While my first example fatiguing spont did neglect the range, it also neglected the stress die which had a decent chance of improving the starting number enough to make up for it, especially since “Most spells are assigned a level, which is usually a multiple of five. It need not be, however, and magi may well invent spells of intermediate levels. Spontaneous spells often have other levels, as well.” And while yes, this does have the chance of botching, it should only be a single botch die which means there is a 1% chance of 1 warping point. A problem for a marathon casting session of thousands, but I also wasn’t thinking of a lv 50 target. And the math for two stress dice is much more complicated. If someone has it somewhere or wants to do it, Id love a copy since I don’t want to do that math, but even lowballing, she likely can dispel a lv 40 effect before she gets a point of warping.
Fortunately, that's secondary. We have already done enough math to to answering the question: RAW, there isn’t a good way to prevent it. No matter what you do, the stress die will eventually explode enough to win.
If you don’t like it, house rule the guidelines to a simple die, limit the explosions, or have the ‘not botches’ do something to penalize the mage. Depending on how hard you want to make it and how much you think magi know about how magic works, penalize them with loss of confidence or say “NO, thats metagaming. You have no way of knowing that it works that way.” Rule it doesn’t work that way and the die roll is the same for a day, or week, season, until they increase their Perdo or Vim. Lots of options for house rules. but RAW, hermetic magic is just really good at getting rid of magic.

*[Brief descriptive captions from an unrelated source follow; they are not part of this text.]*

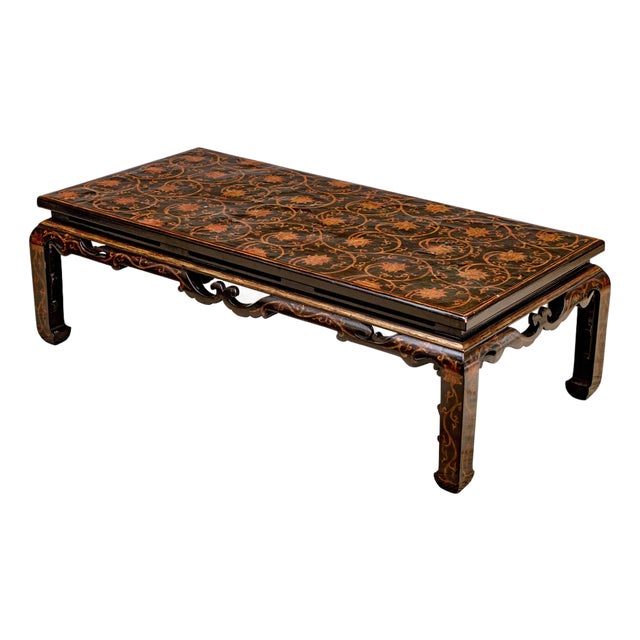 Vintage Chinoiserie Rectangular Lacquered Coffee Table For Sale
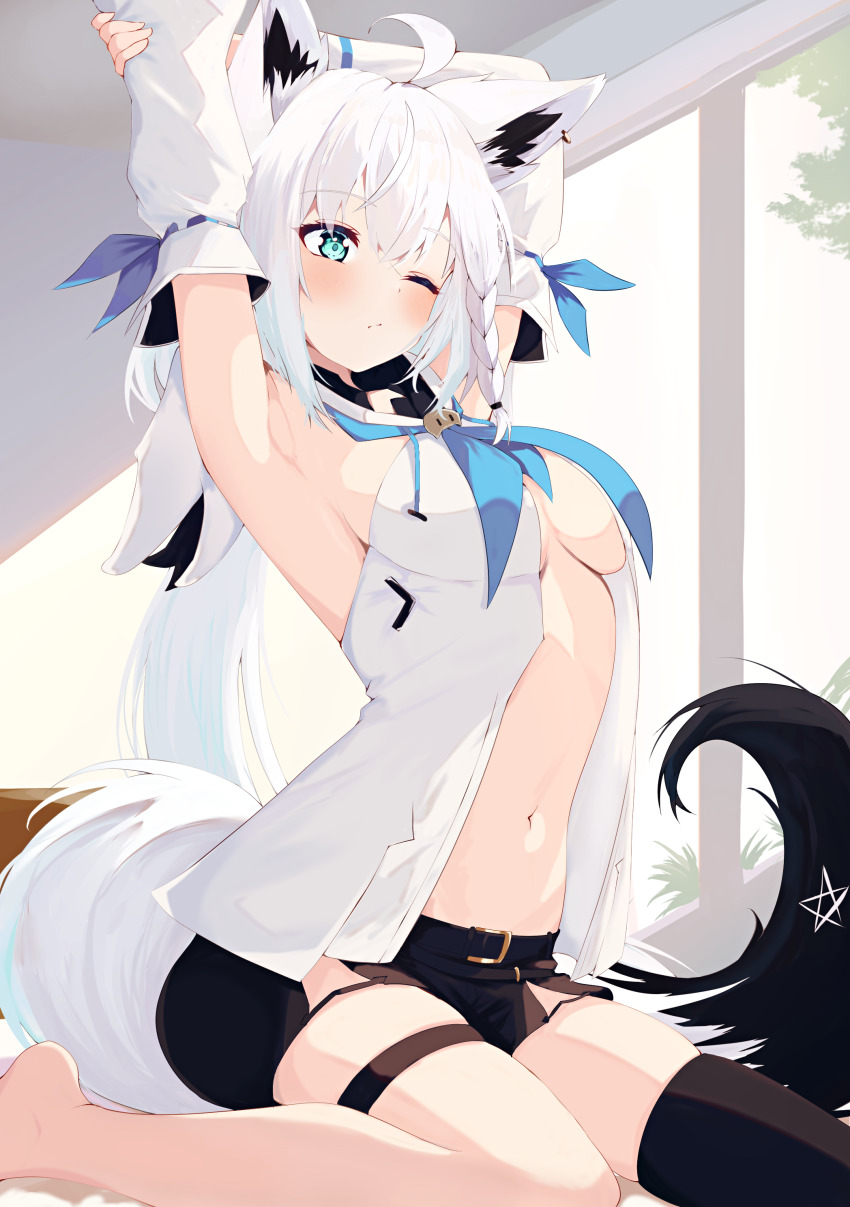 1girl absurdres ahoge animal_ear_fluff animal_ear_piercing animal_ears aqua_eyes aqua_neckerchief armpits arms_behind_back arms_up belt black_belt black_shorts breasts closed_mouth commentary_request detached_sleeves fox_ears fox_girl fox_tail grey_hair highres hololive long_hair long_sleeves medium_breasts natsuki_(natsu_1936) navel neckerchief one_eye_closed pentagram shirakami_fubuki shirakami_fubuki_(1st_costume) short_shorts shorts sideboob single_thighhigh sitting solo stomach tail thick_thighs thigh_strap thighhighs thighs very_long_hair virtual_youtuber wariza white_hair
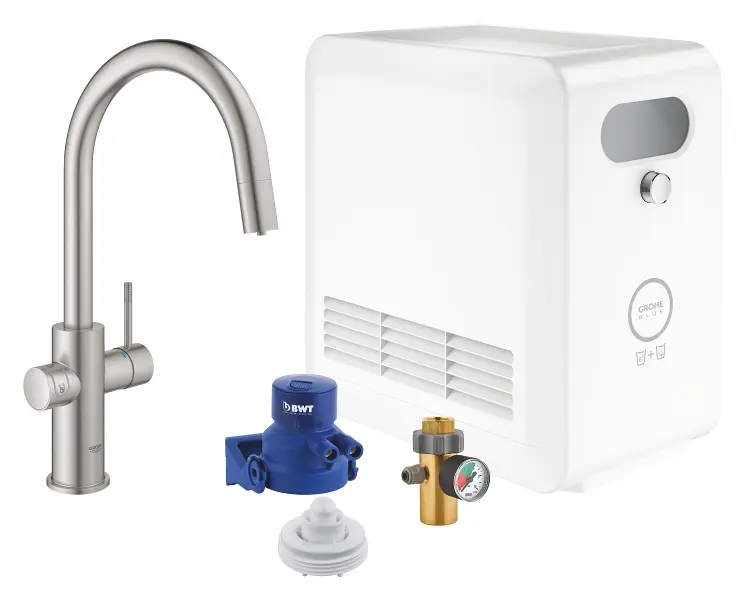 Grohe Blue Professional - virtuves izlietnes maisītājs Connected, ar dzesēšanas iekārtu un ūdens filtru, izvelkama trauku duša, SuperSteel 31325DC2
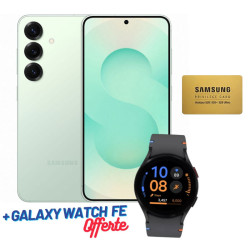 Smartphone Samsung Galaxy S25 / 5G / 12 Go / 256 Go / Vert + Samsung Galaxy Watch Fe + Gold VIP Card Offert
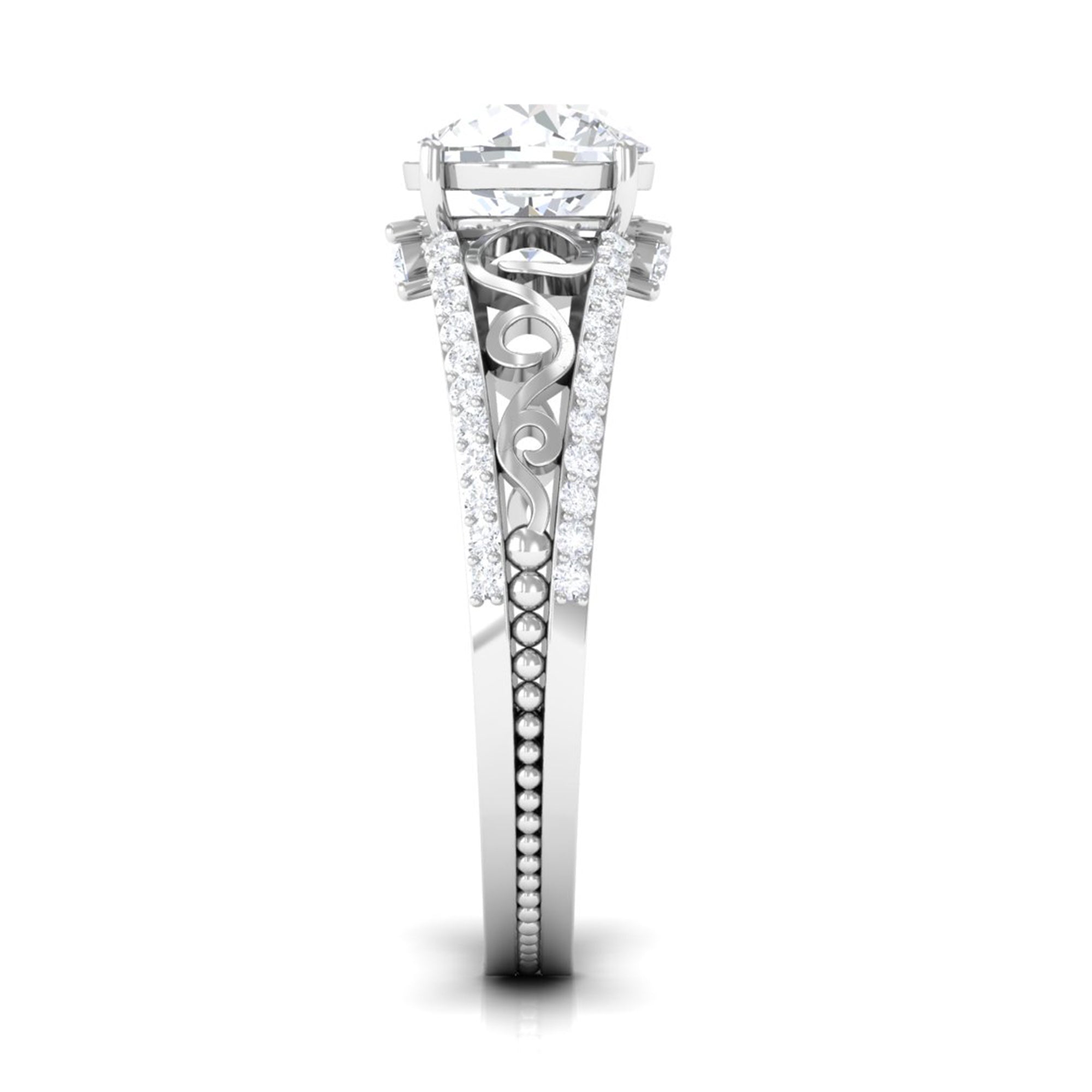 Solitaire 1 Carat Cubic Zirconia Vintage Looking Engagement Ring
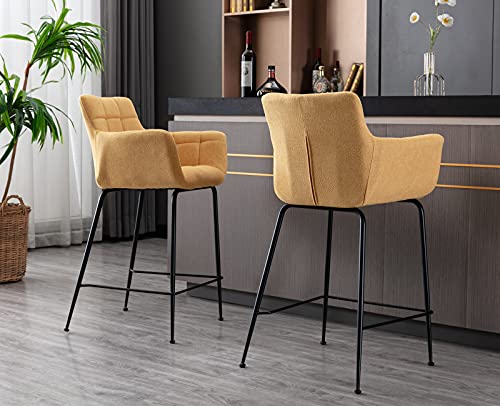 Cimota Bar Stools Counter Height With Back Set Of 2, Upholstered 24 26 Inches Counter Stools Chairs, Comfy Kitchen Island Chairs With Arm For Home Kitchen Bar/Pub/Cafe, Yellow #TOP6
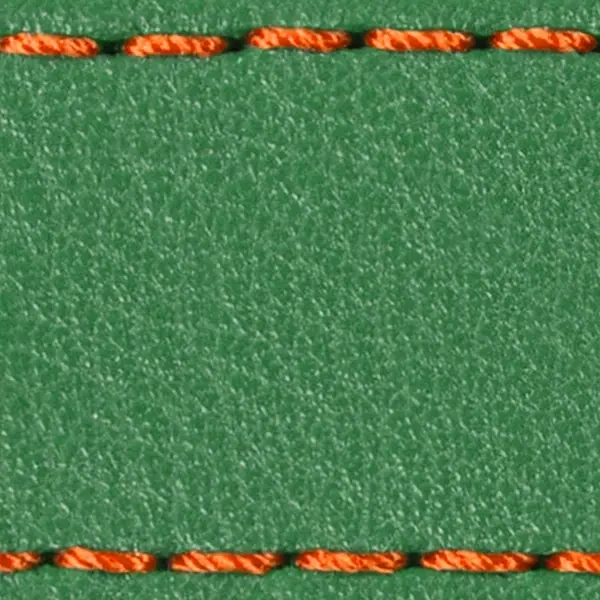 Pasek C1 26mm | Zielony / Ciemnopomarańczowa nić | Części skórzane bez klamry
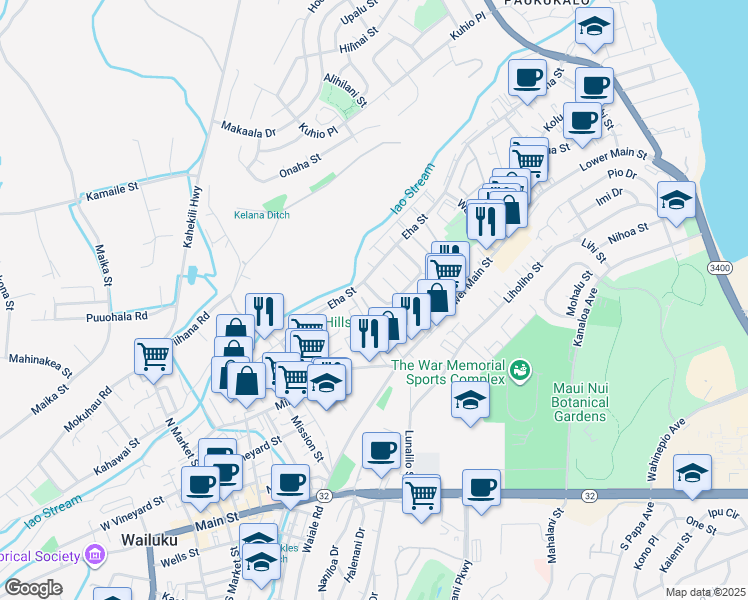 map of restaurants, bars, coffee shops, grocery stores, and more near 145 Iao Loop in Wailuku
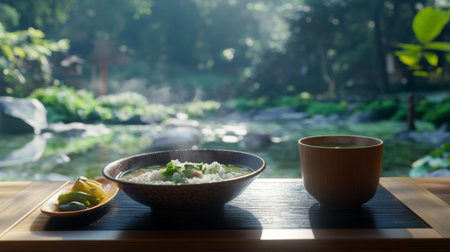 A serene dining scene showcasing a bowl of rice soup and a cup, set in a lush garden. The natural light enhances the freshness and tranquility of the meal.の素材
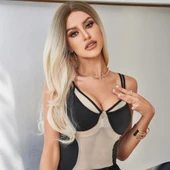 Açık Kumral Platin Ombreli Dalgalı Tül Peruk thumbnail 4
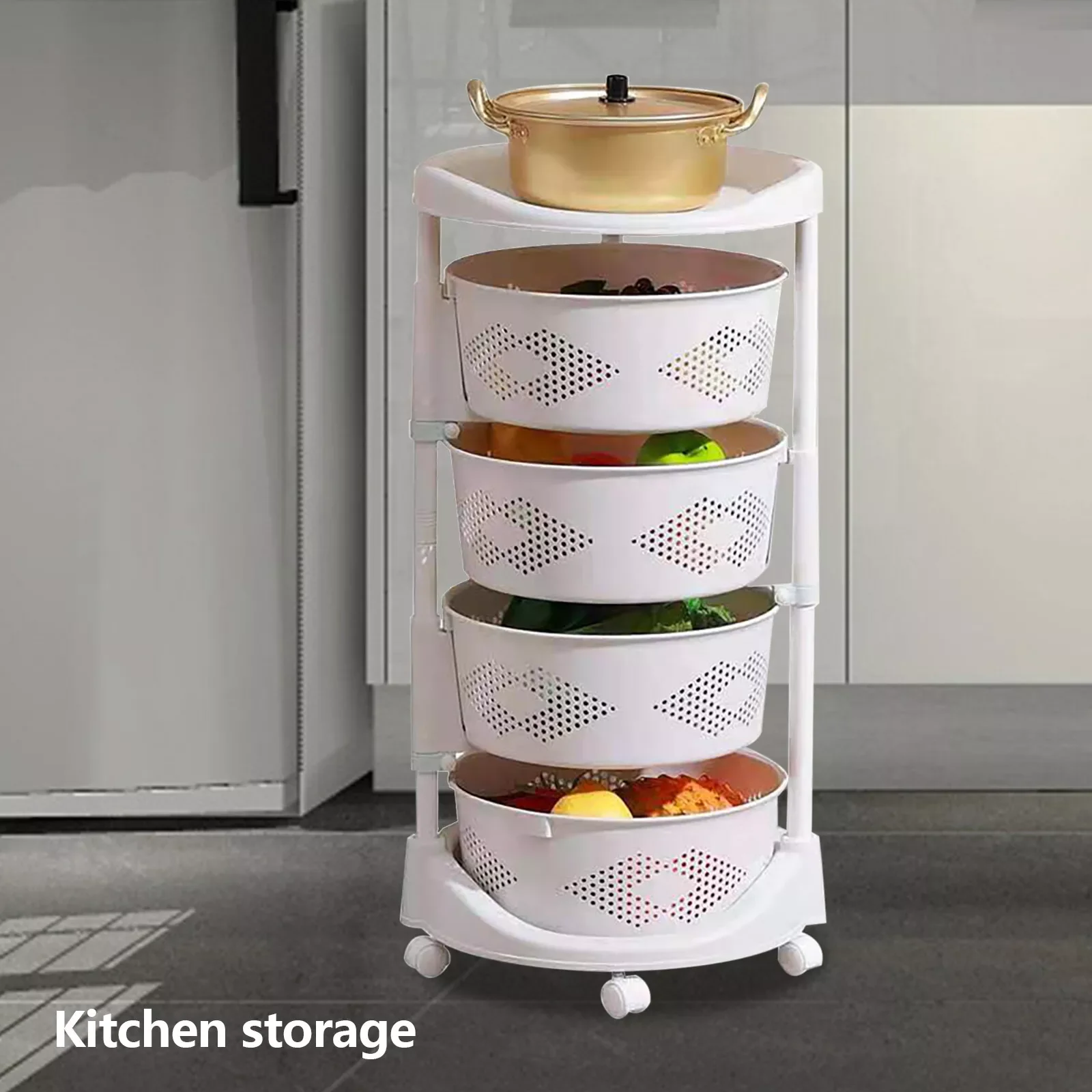 Multi-Layer Vegetable Rotating Basket Rack Fruit Snack Storage Kitchen Organizer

However, even RAW you can make it harder. Many thanks to Ezechiel3571’s for pointing me on the right track. I neglected to consider how they would determine the type of magic. Looking at InVim, that is a very significant barrier, as it has a lv 15 (5 + 2 magnitude), neglecting any TDR. Hide it so they need the +4 vision for a LV 35-40 Sight of the Active Magics.
Or, leave it out and mask its aura with a PeVi spell
Gen: Make something (including a magical item) seem non-magical to any Intellego spell of less than or equal to twice the (level + 2 magnitudes) of this spell
At touch +1 and moon +3 a lv 30 spell would block it form detection form lv 40 spells for a month. If you
If your feeling vindictive, add on a CrVi “Create a magical shell which gives false information about the target to Intellego spells with level less than half its (level plus one magnitude).” The half (level +1 mag) means it will only fool apprentices as a normal spell, but as a ritual it can be momentary and last for quite a while. After all, if it looks like a lv 40 MuTe spell it might take quite a while to catch on to why you dispels aren’t touching the wards that have nothing to do with Terram.
Or, and this is probably the intended way, though its horribly unobvious and intuitive to figure out: the Disenchant spell example indicates something that isn’t even listed in the core book. In HoH:TL there are more guidelines that indicates that ‘magical effects’ does not include enchantments. Dispelling an enchantment requires a ritual, which means it costs a lot more time and vis. Its slow, but it works for warding your secrets.
For curses? Homebrew looks to be the only option. Nerf the PeVi guidelines, or nerf stress die (ive seen a house rule where instead of doubling it just adds 10, still repeatable but it takes a lot longer to hit 30s and 40s... and very long time to reach 80s and 90s). Make a new virtue or ability depending on how hard you nerf and how hard you want the curse to be to get rid off.